Extending telomeres reverses ageing in human skin cells, finds study

A new technique increases the length of human telomeres quickly and efficiently, promising to reverse the ageing process and paving the way for treatment of many diseases.

Scientists at the Stanford University School of Medicine lengthened the telomeres on skin cells that were then able to divide up to 40 more times than untreated cells.

The research could aid in treatment of diseases caused by shortened telomeres. It vastly increases the number of cells available in the lab for drug testing or disease modelling.

The treated cells behave as if they are much younger than untreated cells, multiplying with abandon in the lab.

Telomeres are the protective caps on the ends of DNA strands called chromosomes. Beginning at around 8,000-10,000 nucleotides long, the telomeres shorten with each cell division, till they reach a critical length when the cell stops dividing or dies.

"Now we have found a way to lengthen human telomeres by as much as 1,000 nucleotides, turning back the internal clock in these cells by the equivalent of many years of human life," said senior author Helen Blau, PhD, professor of microbiology and immunology at Stanford and director of the university's Baxter Laboratory for Stem Cell Biology.

Normally, in the lab it is difficult to grow cells beyond a few doublings due to the telomere clock.

The work was published in the FASEB Journal.

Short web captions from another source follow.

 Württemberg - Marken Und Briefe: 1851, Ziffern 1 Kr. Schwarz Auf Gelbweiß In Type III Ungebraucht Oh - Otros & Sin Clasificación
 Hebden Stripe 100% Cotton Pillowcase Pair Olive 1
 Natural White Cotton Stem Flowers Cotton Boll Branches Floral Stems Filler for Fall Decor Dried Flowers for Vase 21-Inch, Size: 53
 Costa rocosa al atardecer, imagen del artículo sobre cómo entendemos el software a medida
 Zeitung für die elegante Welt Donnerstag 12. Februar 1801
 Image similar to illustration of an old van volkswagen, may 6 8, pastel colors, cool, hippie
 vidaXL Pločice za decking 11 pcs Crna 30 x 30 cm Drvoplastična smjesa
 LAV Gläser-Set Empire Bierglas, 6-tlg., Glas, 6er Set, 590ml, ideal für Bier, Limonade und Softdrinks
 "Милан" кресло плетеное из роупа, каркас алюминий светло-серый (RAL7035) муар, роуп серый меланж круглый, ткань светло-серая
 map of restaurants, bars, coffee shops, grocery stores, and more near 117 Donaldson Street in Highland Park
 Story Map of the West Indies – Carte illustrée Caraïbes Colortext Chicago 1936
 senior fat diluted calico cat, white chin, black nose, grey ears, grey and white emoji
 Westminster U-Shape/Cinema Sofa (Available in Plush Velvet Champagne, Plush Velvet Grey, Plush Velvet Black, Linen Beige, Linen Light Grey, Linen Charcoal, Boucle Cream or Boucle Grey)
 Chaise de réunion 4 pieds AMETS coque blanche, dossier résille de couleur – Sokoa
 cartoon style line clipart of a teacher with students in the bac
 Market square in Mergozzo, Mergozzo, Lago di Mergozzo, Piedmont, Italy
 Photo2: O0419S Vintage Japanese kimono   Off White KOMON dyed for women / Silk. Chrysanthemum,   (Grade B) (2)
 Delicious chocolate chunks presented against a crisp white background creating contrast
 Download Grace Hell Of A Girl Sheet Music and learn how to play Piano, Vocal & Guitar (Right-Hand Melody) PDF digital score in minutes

The researchers used modified messenger RNA to extend the telomeres. RNA carries instructions from the DNA to the cell's protein-making factories.

The modified RNA contained the coding sequence for TERT, the active component of a naturally occurring enzyme called telomerase. Telomerase ensures the health of telomeres in sperm and egg cells but in most other cells the enzyme acts by ensuring that telomeres do not shorten with every division.

Most other types of cells, hence express very low levels of telomerase.

The newly developed technique is temporary and prevents the unlimited cell division which brings risks of cancer.

The modified RNA is designed to reduce the cell's immune response to the treatment and allow the TERT-encoding message to stick around a bit longer than an unmodified message would. But it dissipates and is gone within about 48 hours.

After that time, the newly lengthened telomeres begin to progressively shorten again with each cell division.

As few as three applications of the modified RNA over a period of a few days could significantly increase the length of the telomeres in cultured human muscle and skin cells.

A 1,000-nucleotide addition represents more than a 10% increase in the length of the telomeres.

These cells divided many more times in the culture dish than did untreated cells: about 28 more times for the skin cells, and about three more times for the muscle cells.

"We were surprised and pleased that modified TERT mRNA worked, because TERT is highly regulated and must bind to another component of telomerase," said lead author, postdoctoral scholar John Ramunas, of Stanford.

"Previous attempts to deliver mRNA-encoding TERT caused an immune response against telomerase, which could be deleterious. In contrast, our technique is nonimmunogenic. Existing transient methods of extending telomeres act slowly, whereas our method acts over just a few days to reverse telomere shortening that occurs over more than a decade of normal aging. This suggests that a treatment using our method could be brief and infrequent."

The researchers are now testing their new technique in other types of cells.

The study is a first step toward improved cell therapies and treatment of disorders of accelerated ageing in humans like Duchenne muscular dystrophy by extending telomere length.